C'est quoi ce film ?!


La classe ouvrière va au paradis (La Classe operaia va in paradiso)
(Palme d’or Festival de Cannes 1972)

Réalisation : Elio Petri, Italie 1971 (125 minutes)
Avec Gian Maria Volonté, Mariangela Melato, Salvo Randone, Gino Percine, Luigi Diberti
Scénario : Elio Petri et Ugo Pirro
Photographie : Luigi Kuveiller
Musique : Ennio Morricone
Montage : Ruggggero Mastroianni
Une production Euro International Films

Synopsis

Lulu Massa, employé des usines BAN, est détesté de ses camarades parce que, travaillant avec un acharnement aveugle, il impose un rythme de production auquel tous doivent s’adapter. Massa souffre de l’inimitié qu’on lui manifeste lorsqu’il rentre chaque soir, épuisé, dans son appartement…Un jour, à l’usine, pour ne pas briser la cadence, Lulu néglige de prendre certaines précautions et c’est le drame : il laisse une phalange dans l’engrenage d’une machine. Cet accident bouleverse ses conceptions sociales et politiques : il se retrouve à la tête du mouvement de revendication ouvrière, s’unit aux syndicats puis, les trouvant trop modérés, s’allie à un groupe d’étudiants extrémistes…

Un cinéma politique

“Elio Petri, cinéaste issu de la classe ouvrière (son père travaillait dans une usine de cuivre), raconte avec ce film passionnant la situation politique et sociale de l'Italie du début des années 70, les mécanismes de l'entreprise et du capitalisme et, surtout, la libération d'un homme par la réflexion. Lulu est au départ un ouvrier portant des œillères : il n'a aucune conscience politique, aucune revendication sociale. Il accomplit la tâche qui lui est impartie du mieux qu'il peut et se contente d'empocher les primes pour sa productivité ou ses heures supplémentaires. Ce que filme dès lors Petri, c'est la façon dont Lulu prend conscience que le monde de l'usine lui a volé sa vie, de ce qu'il a sacrifié pour elle sans rien recevoir en retour. En acceptant de remettre en cause le système où il évoluait jusqu'ici, où il avait sa place (le seigneur de l'atelier), il redonne aussi un sens à sa vie. Petri montre que la connaissance est un combat : il faut énormément de courage pour remettre en cause sa vie, pour aller contre ce que l'on croit savoir et pour repartir à zéro.
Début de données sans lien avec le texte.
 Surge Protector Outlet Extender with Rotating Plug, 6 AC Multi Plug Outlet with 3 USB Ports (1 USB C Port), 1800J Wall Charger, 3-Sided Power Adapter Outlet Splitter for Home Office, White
Surtout, il faut du temps et le monde du travail s'est toujours appliqué à interdire aux salariés l'accès à ce temps qui est celui de l'épanouissement personnel, de la culture de la connaissance... toutes choses dangereuses pour son hégémonie.
Comme tout grand film politique, La Classe ouvrière va au paradis n'est pas un simple pamphlet mais propose une vision contrastée de la lutte ouvrière. Elio Petri montre ainsi d'un côté des syndicats prêts à lâcher les hommes qu'ils défendent pour une petite d'avancée et, de l'autre, des étudiants qui refusent tout compromis et s'enorgueillissent de leur radicalité. Tous usent de Lulu comme d'un symbole avant de l'abandonner dans le fossé lorsqu'il n'a plus d'utilité pour la lutte. Petri évoque ainsi très efficacement les dérives des mouvements d'extrême-gauche, où seule l'utopie compte et où l'humain peut être sacrifié pour la cause, et celles d'un syndicalisme trop prompt à défendre les intérêts immédiats des travailleurs et qui en vient à abandonner des idéaux et une vision plus large de la politique et de la société. Pétri ne ridiculise pas les luttes ouvrières, simplement il montre qu'elles reflètent ce qui traverse chaque ouvrier, chaque employé. On est en effet tous partagés entre la nécessité d'accepter ce qui peut un peu arranger notre quotidien et l'envie profonde de remettre en cause un système profondément injuste et déshumanisant. Mais ce n'est pas parce qu'il met en scène des personnages ambigus et qu'il accepte la complexité des enjeux que Petri ne choisit pas son camp. Il n'est qu'à voir la façon dont il filme l'usine, lieu qui pour lui nie l'individu, le détruit : un grand bâtiment cerné de grillages et couvert par la neige, soit une image tout droit issue de camps de concentration nazis.” [extrait dossier de presse]
Jusque très récemment ce film n’avait pas été édité en DVD et n’était plus visible en salle. En 2010, le producteur actuel, Tamasa Productions, a projeté le film au Festival du Film de la Rochelle avant de le ressortir en salles en novembre 2010. Depuis octobre 2011, le film est disponible en DVD.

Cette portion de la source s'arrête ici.